Goats Rock - I don't have any light advice for you except that the motion activated light I put over the door to my goat shed was a great investment!

But I was wondering if you could possibly post some photos of your new pole barn? Construction or finished? We are building a 32'x32' pole barn now. I would really really love to see a newly constructed one! Did you build it all yourselves? A lot of people around here (New England) don't understand what pole barn construction is, they all think I'm talking about post & beam!


----------



## Chadwick (Jan 24, 2014)

Even cold weather ballasts will not give you great bright light for quite a while in the cold.....I would go with a standard bulb fixture, possibly one that can take flood bulbs in the winter, the flood bulb will give extra heat to the barn in a safe way.


----------



## SalteyLove (Jun 18, 2011)

Deb's (aka: goats rock) aaaaamazing pole barn!


----------



## SalteyLove (Jun 18, 2011)

We chose the same roof style for ours so I'm thrilled to see how it will look!


----------



## Goats Rock (Jun 20, 2011)

Thanks for posting!


----------



## ksalvagno (Oct 6, 2009)

Very nice barn! I would do rows of regular light bulbs and put each row on a different switch. Then you can have just one area lit up or the whole place. I had 2 rows because the center of my barn was open and we had hay lofts on 2 long sides. Barn was 40x50. Had 5 lights running down the 50 ft side. When both sets of lights were on, it was pretty bright in there. We also had 5 lights going across on each hay loft side so we had 4 total. You could do 3 sets of lights.


----------



## TylerTX (May 23, 2014)

We're shifting toward LED lights. They give great light in all temperature and will hardly turn your electric meter. With the cost difference between a ceramic lamp holder and a twin tube fluorescent fixture, the extra cost of the bulbs will be minimal.


----------



## Goats Rock (Jun 20, 2011)

Well, my barn is finally pretty much done. I still have to get the bulk tank in and the double sink. 
But, the fencing is all up, half the lights are up and functional and the goats are in residence. 
I also have to get some feed bunks built. 
I will try and post some photos, in some kind of chronological order!

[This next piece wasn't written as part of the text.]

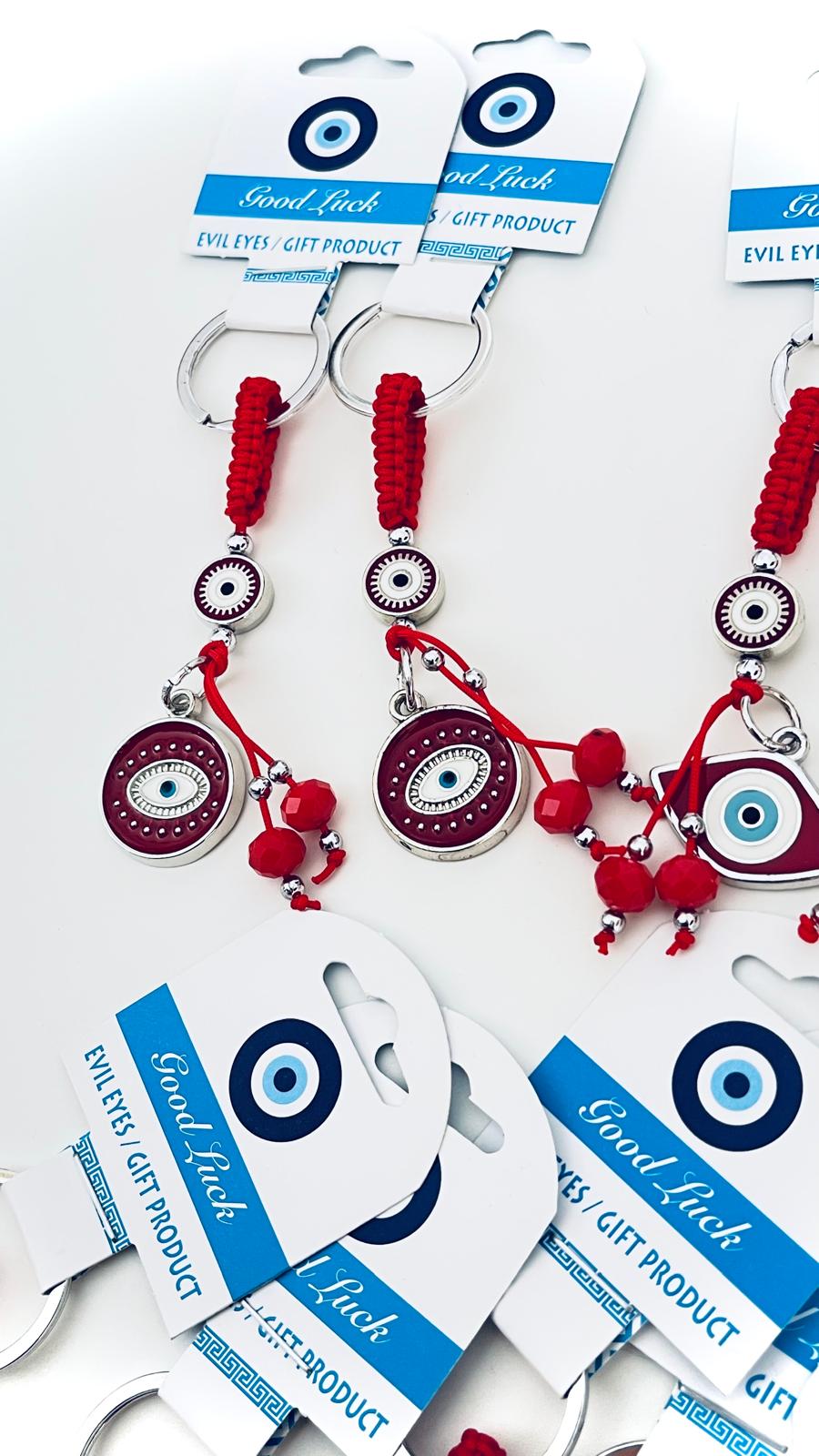 Red Eye Design Silver Evil Eye Keychain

The first couple of pictures are just of the floor and the particle board walls. Where the lawn tractor is, is actually 2 kidding pens. The pens with the plywood were hay feeders- 

The third and also last picture show the head catches. I can lock them in while they eat. 

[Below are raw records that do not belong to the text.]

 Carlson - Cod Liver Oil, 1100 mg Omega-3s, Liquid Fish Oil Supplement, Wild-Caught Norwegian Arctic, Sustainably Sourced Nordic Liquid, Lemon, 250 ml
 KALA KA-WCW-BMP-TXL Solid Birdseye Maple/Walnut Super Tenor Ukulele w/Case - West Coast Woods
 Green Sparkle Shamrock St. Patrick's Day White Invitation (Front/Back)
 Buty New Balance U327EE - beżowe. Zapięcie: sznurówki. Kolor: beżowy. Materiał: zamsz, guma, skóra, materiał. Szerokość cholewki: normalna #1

There are 4 big pens, with swing gates that I can make into different configurations- and I can lock all of them in the back of the pens to clean with a tractor! 

I have 3 drop down gates that will be holding pens for milking, they are run by a winch. (no pictures yet of that). That is what those long arms are in the 3rd. picture. We cut the long part off, didn't need it. Originally, we were going to use counter weights, but I vetoed that idea! The men forgot the KISS- keep it simple...! 

Anyway, those are some pictures of the barn. I will get more in the day time, when it isn't too cold to have all the doors open!


----------



## Trickyroo (Sep 26, 2012)

WOW ! Is all i can say…….jaw hitting top of desk…………I'm soooooooo jealous :green grin:

What a stunning barn , your goats are mighty lucky :thumb::thumb::thumb:


----------



## Goats Rock (Jun 20, 2011)

I have saved for a lot of years- since I was about 14 yrs. old. (About 40 yrs!) The fencing is a bit more
than I anticipated, but if I get tired of goats, I think the giraffes would be right at home! At least a small one!:laugh:
We are going to ship milk to a cheese place- The milk inspector said that there is no reason we won't be Grade A! 
That will be exciting!


----------



## ksalvagno (Oct 6, 2009)

Goats Rock that is a really nice barn. You make me miss my barn at my old place.


----------